INPUT DATA START

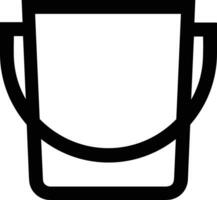 Bucket icon symbol vector image. Illustration of the bucket cleaning equipment washing outline design image. EPS 10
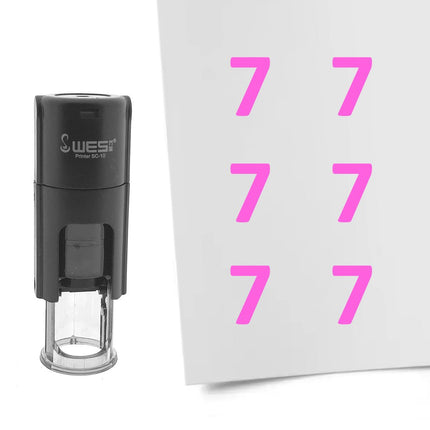 Tampon encreur chiffre 7 - Ø10 mm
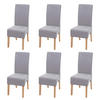 ESSZIMMERSTUHL Hellgrau 6er-Set - Hellgrau, Textil (44/100/56cm) - MCW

INPUT DATA END

TASK STATEMENT
Please return the full listing exactly as given, with the images left out.

THE ANSWER
 Bucket icon symbol vector image. Illustration of the bucket cleaning equipment washing outline design image. EPS 10
 Tampon encreur chiffre 7 - Ø10 mm
 ESSZIMMERSTUHL Hellgrau 6er-Set - Hellgrau, Textil (44/100/56cm) - MCW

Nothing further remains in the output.